Robb had a long legal career representing the bosses: he even worked on US president Ronald Reagan’s court case against striking air traffic controllers in 1981, which was a shocking attack on workers’ rights.

Reagan sacked over 11,000 striking air traffic controllers, banning them from working for the government, and also banning their union, the Professional Air Traffic Controllers Organisation (Patco).

The president of one Patco “local” (what we would call a union branch) was taken from court in leg irons, handcuffs and waist restraints and jailed for 60 days because he said he would strike regardless of court orders. The attack on Patco was a severe blow to US unions.

True to form, Robb has started off at the Labour Relations Board by attacking workers’ rights. He immediately cancelled a campaign against employers who improperly classify workers as self-employed contractors.

And now Robb wants to take on the rat. His office recently filed a 41-page motion arguing that protesting with Scabby the Rat “is confrontational conduct that is tantamount to secondary picketing.”

Robb was prompted by Scabby appearing outside a hotel in Philadelphia and some supermarkets on Staten Island, New York, where Scabby was joined by an inflatable cockroach — both in support of labour disputes.

Now the courts will once more decide Scabby’s fate. This shows three things.

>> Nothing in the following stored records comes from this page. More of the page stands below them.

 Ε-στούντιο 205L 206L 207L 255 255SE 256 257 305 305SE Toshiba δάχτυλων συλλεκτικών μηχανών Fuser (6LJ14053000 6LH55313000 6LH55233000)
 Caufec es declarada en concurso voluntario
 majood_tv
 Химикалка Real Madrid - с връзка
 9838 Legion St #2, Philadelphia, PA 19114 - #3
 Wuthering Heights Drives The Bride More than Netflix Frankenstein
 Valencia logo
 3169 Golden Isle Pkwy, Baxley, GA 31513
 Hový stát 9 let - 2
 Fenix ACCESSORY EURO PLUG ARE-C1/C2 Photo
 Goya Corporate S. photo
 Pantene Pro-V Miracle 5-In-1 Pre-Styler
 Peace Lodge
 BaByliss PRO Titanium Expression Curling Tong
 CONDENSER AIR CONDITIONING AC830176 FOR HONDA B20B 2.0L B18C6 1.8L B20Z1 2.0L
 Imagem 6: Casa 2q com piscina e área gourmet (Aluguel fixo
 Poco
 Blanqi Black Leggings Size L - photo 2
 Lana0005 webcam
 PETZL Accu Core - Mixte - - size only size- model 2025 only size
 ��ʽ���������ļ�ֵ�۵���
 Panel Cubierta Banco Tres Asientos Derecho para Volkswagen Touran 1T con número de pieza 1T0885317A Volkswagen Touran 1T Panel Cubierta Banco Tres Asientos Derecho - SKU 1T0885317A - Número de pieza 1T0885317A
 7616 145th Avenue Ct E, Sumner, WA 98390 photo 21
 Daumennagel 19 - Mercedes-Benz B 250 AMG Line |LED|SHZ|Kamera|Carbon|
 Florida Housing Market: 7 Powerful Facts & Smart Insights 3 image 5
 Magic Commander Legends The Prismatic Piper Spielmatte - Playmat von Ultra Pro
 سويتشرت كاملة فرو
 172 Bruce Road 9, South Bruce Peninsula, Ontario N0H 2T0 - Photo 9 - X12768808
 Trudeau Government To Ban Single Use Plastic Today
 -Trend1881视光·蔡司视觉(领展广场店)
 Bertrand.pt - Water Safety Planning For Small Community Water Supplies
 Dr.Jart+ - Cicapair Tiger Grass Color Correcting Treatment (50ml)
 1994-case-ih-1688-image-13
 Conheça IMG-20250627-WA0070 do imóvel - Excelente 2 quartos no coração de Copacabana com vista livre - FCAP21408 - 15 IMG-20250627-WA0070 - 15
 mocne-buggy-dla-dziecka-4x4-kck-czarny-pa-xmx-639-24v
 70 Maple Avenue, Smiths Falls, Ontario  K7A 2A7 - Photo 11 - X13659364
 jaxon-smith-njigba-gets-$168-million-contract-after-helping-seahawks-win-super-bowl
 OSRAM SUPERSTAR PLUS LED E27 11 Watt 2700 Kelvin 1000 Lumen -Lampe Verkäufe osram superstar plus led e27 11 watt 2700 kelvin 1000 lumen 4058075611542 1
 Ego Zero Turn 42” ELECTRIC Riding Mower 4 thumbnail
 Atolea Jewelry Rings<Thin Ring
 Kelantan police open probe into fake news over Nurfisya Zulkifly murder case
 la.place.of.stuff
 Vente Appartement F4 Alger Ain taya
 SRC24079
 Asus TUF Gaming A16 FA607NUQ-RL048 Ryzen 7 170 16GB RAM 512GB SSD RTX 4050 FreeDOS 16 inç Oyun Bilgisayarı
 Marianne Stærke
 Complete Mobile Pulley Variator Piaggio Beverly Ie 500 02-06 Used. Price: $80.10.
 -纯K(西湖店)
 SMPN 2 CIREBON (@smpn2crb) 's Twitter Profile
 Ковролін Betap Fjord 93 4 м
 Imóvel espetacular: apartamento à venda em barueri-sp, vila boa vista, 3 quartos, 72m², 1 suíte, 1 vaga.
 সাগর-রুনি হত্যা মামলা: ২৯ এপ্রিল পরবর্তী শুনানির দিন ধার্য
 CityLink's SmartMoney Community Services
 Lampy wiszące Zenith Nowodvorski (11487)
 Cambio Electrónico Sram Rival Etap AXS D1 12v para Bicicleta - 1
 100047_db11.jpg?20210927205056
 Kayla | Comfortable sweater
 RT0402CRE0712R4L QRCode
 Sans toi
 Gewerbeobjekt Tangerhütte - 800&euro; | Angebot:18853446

First, Trump’s claim to stand up for “everyday working American families” is as convincing as his hair colour. Trump put a guy who helped to jail workers in charge of the Labour Relations Board — and now he wants to puncture the workers’ inflatable friend.

Second, Republicans and the right like to talk about “free speech” — but as soon as the workers speak out, they reach for bans.

Third, the workers’ cause is international. We share the same fight — which is clearly shown by the fact that the workers’ champion, an inflatable rat, fights for the workers and is attacked by the bosses on two continents.